As the economy of United States started to contract significantly there was a tendency of gold flow out of the other countries towards the United States. This happened because the major deflation in the United States in turn made the American products relatively attractive to the foreigners while the reduced income decreased the demand of America for the foreign products. In order to deal with the tendency towards the American trade surplus and outflows of foreign gold, the central banks raised the interest rates throughout the world (Nanda and Nicholas, 2014). In order to maintain this international gold standard it required a huge contractionary monetary policy throughout the world so as to match the happenings in the United States. The result of this was a drastic decline in the general price level and output throughout the world that in turn matched with the downturn in the United States.
Financial crisis coupled with banking panics took place in various countries along with United States.
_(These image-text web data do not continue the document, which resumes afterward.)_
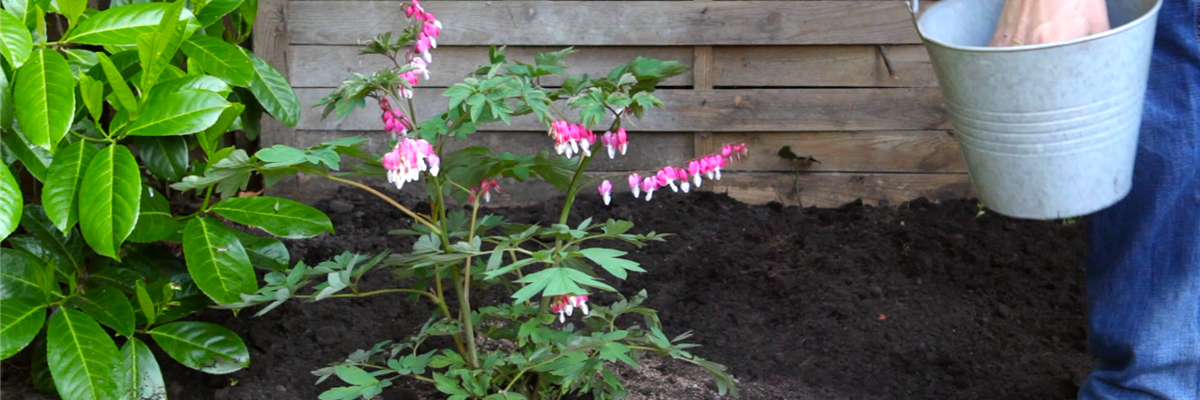 Tränendes Herz - Einpflanzen im Garten (thumbnail)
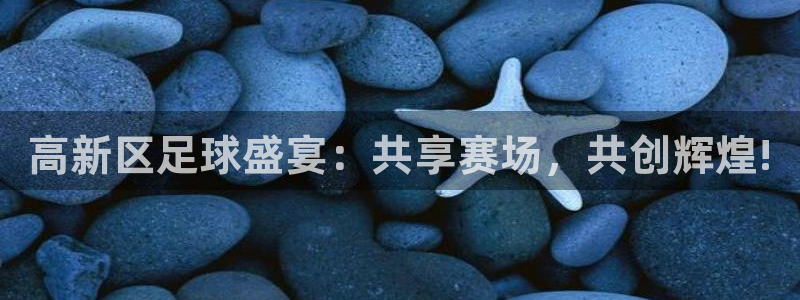 高新区足球盛宴：共享赛场，共创辉煌!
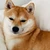 おすし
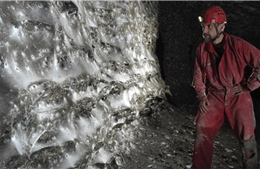 Cận cảnh mạng nhện lớn nhất thế giới rộng 106 mét vuông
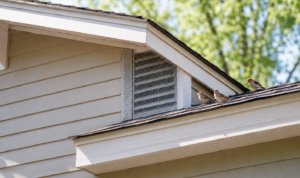 Three small sparrows perching on asphalt roof shingles near an exterior attic gable vent covered in galvanized exclusion mesh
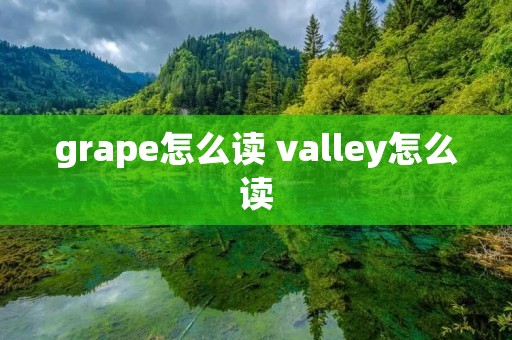 grape怎么读 valley怎么读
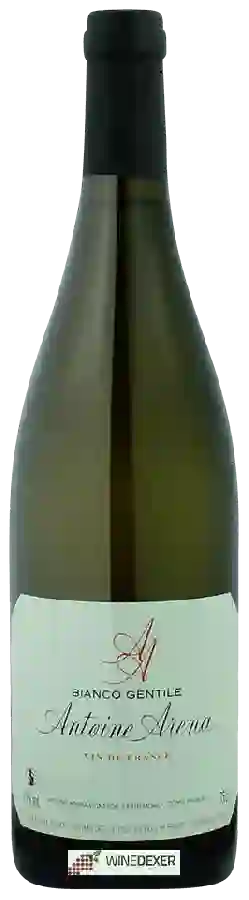 Winery Antoine Arena - Bianco Gentile Winery Antoine Arena - Bianco Gentile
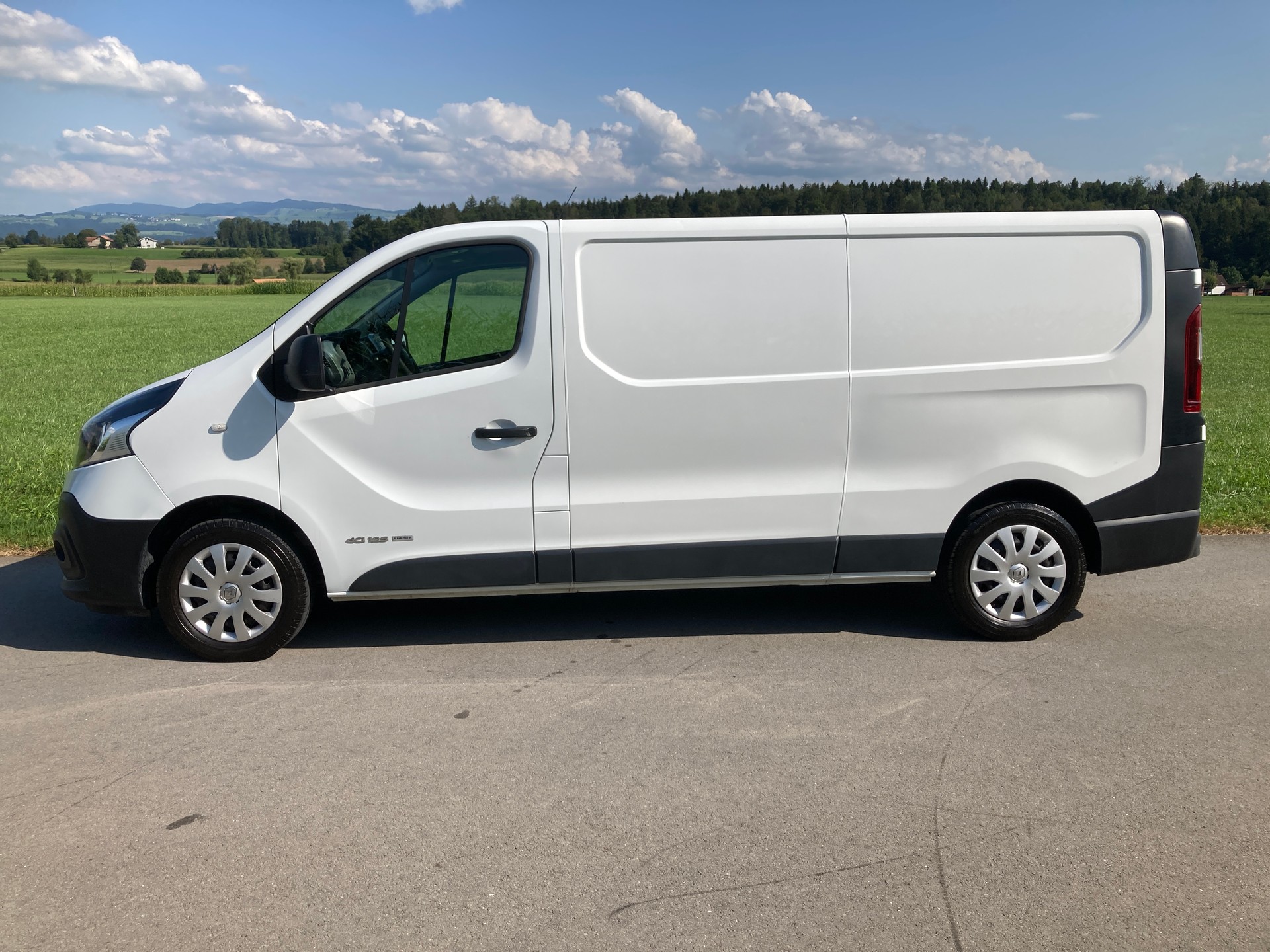 RENAULT Trafic 1.6 ENERGY TwinT. dCi125 2.9t Business L2H1-image-4
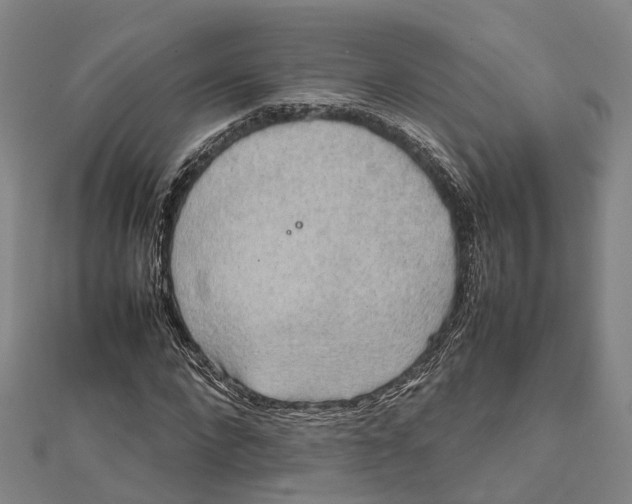 X0000112090872200909011102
In the year 1931, difficulties regarding payment in Creditanstalt, the largest Australian bank emerged. This gave rise to a financial difficulty and affected a major portion of the Europe. This also acted as a key reason for Britain to abandon the gold standard. Similarly there were other countries as well like Austria, Hungary and Germany that suffered terrible banking panic (Coen-Pirani and Wooley., 2017). This banking panic as an overall outcome reduced the level of output and prices in numerous countries.
There are numerous reasons which have been pointed out by the economists behind the Great Depression. However, it is also a matter of fact that the banking panic and the stock market crash have always been identified as the common and most impactful factors that accumulated the depression. There are some economists who have argued that the protectionist policies of trade and the collapse of international trade are the major reasons behind the great depression. They have pointed that the Smoot-Hawley tariff, enacted in the 1930 increased the cost associated with imported goods. In response to that the trade partners of United States implemented retaliatory actions. Nevertheless, some of the theorists stated that this fact is already contained in the banking panic where the contractionary monetary policy was implemented by the Federal Bank.